(YOUR INSTRUCTIONS):
All lines from the first one in the listing below to the one holding "5 star holiday home in Juelsminde - 3", inclusive, are to be copied exactly.

(DATASET EXTRACT):
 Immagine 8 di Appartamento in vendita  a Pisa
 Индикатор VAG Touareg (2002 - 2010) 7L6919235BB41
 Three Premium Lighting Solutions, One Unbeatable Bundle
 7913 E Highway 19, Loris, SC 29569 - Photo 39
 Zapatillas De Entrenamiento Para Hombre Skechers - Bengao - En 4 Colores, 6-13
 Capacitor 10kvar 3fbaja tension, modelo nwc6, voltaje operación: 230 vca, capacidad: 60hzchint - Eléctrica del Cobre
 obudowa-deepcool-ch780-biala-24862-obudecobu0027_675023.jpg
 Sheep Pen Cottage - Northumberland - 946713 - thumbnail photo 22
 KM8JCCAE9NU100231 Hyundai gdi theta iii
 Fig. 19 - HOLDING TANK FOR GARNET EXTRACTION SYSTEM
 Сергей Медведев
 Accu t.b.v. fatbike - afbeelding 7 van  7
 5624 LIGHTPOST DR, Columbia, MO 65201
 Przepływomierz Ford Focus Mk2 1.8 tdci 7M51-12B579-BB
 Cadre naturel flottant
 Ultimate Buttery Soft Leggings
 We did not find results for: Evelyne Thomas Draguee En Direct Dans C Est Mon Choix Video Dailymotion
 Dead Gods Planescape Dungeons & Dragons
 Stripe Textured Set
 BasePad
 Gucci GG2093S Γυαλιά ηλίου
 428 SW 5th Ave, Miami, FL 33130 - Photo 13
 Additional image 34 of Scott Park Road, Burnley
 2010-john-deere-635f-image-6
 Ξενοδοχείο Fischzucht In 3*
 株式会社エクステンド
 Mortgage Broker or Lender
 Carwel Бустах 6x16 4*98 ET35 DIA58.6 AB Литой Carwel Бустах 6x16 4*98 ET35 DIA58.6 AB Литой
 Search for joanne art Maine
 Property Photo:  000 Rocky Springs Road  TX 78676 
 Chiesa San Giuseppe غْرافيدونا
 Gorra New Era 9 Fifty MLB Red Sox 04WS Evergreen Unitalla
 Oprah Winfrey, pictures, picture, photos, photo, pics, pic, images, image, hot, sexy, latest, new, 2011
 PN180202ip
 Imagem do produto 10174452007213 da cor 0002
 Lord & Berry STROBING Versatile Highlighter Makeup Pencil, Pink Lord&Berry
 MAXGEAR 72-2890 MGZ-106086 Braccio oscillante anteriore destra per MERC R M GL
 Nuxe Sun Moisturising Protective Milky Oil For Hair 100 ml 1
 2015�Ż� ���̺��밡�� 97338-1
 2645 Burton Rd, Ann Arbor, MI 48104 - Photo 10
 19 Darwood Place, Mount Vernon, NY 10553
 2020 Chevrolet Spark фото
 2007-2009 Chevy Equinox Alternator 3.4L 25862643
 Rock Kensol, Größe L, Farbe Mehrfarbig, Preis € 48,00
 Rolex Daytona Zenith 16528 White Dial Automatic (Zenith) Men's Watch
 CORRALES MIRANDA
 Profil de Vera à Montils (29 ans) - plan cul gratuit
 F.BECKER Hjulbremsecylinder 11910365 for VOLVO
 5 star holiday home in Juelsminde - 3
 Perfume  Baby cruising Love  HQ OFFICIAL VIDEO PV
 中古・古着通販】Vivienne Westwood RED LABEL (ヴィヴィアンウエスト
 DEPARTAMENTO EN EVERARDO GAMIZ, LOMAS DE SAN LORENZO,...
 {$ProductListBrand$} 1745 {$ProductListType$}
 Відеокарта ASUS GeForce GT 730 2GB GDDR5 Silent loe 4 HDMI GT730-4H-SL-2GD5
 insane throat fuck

(SOLUTION FOR THIS EXERCISE):
 Immagine 8 di Appartamento in vendita  a Pisa
 Индикатор VAG Touareg (2002 - 2010) 7L6919235BB41
 Three Premium Lighting Solutions, One Unbeatable Bundle
 7913 E Highway 19, Loris, SC 29569 - Photo 39
 Zapatillas De Entrenamiento Para Hombre Skechers - Bengao - En 4 Colores, 6-13
 Capacitor 10kvar 3fbaja tension, modelo nwc6, voltaje operación: 230 vca, capacidad: 60hzchint - Eléctrica del Cobre
 obudowa-deepcool-ch780-biala-24862-obudecobu0027_675023.jpg
 Sheep Pen Cottage - Northumberland - 946713 - thumbnail photo 22
 KM8JCCAE9NU100231 Hyundai gdi theta iii
 Fig. 19 - HOLDING TANK FOR GARNET EXTRACTION SYSTEM
 Сергей Медведев
 Accu t.b.v. fatbike - afbeelding 7 van  7
 5624 LIGHTPOST DR, Columbia, MO 65201
 Przepływomierz Ford Focus Mk2 1.8 tdci 7M51-12B579-BB
 Cadre naturel flottant
 Ultimate Buttery Soft Leggings
 We did not find results for: Evelyne Thomas Draguee En Direct Dans C Est Mon Choix Video Dailymotion
 Dead Gods Planescape Dungeons & Dragons
 Stripe Textured Set
 BasePad
 Gucci GG2093S Γυαλιά ηλίου
 428 SW 5th Ave, Miami, FL 33130 - Photo 13
 Additional image 34 of Scott Park Road, Burnley
 2010-john-deere-635f-image-6
 Ξενοδοχείο Fischzucht In 3*
 株式会社エクステンド
 Mortgage Broker or Lender
 Carwel Бустах 6x16 4*98 ET35 DIA58.6 AB Литой Carwel Бустах 6x16 4*98 ET35 DIA58.6 AB Литой
 Search for joanne art Maine
 Property Photo:  000 Rocky Springs Road  TX 78676 
 Chiesa San Giuseppe غْرافيدونا
 Gorra New Era 9 Fifty MLB Red Sox 04WS Evergreen Unitalla
 Oprah Winfrey, pictures, picture, photos, photo, pics, pic, images, image, hot, sexy, latest, new, 2011
 PN180202ip
 Imagem do produto 10174452007213 da cor 0002
 Lord & Berry STROBING Versatile Highlighter Makeup Pencil, Pink Lord&Berry
 MAXGEAR 72-2890 MGZ-106086 Braccio oscillante anteriore destra per MERC R M GL
 Nuxe Sun Moisturising Protective Milky Oil For Hair 100 ml 1
 2015�Ż� ���̺��밡�� 97338-1
 2645 Burton Rd, Ann Arbor, MI 48104 - Photo 10
 19 Darwood Place, Mount Vernon, NY 10553
 2020 Chevrolet Spark фото
 2007-2009 Chevy Equinox Alternator 3.4L 25862643
 Rock Kensol, Größe L, Farbe Mehrfarbig, Preis € 48,00
 Rolex Daytona Zenith 16528 White Dial Automatic (Zenith) Men's Watch
 CORRALES MIRANDA
 Profil de Vera à Montils (29 ans) - plan cul gratuit
 F.BECKER Hjulbremsecylinder 11910365 for VOLVO
 5 star holiday home in Juelsminde - 3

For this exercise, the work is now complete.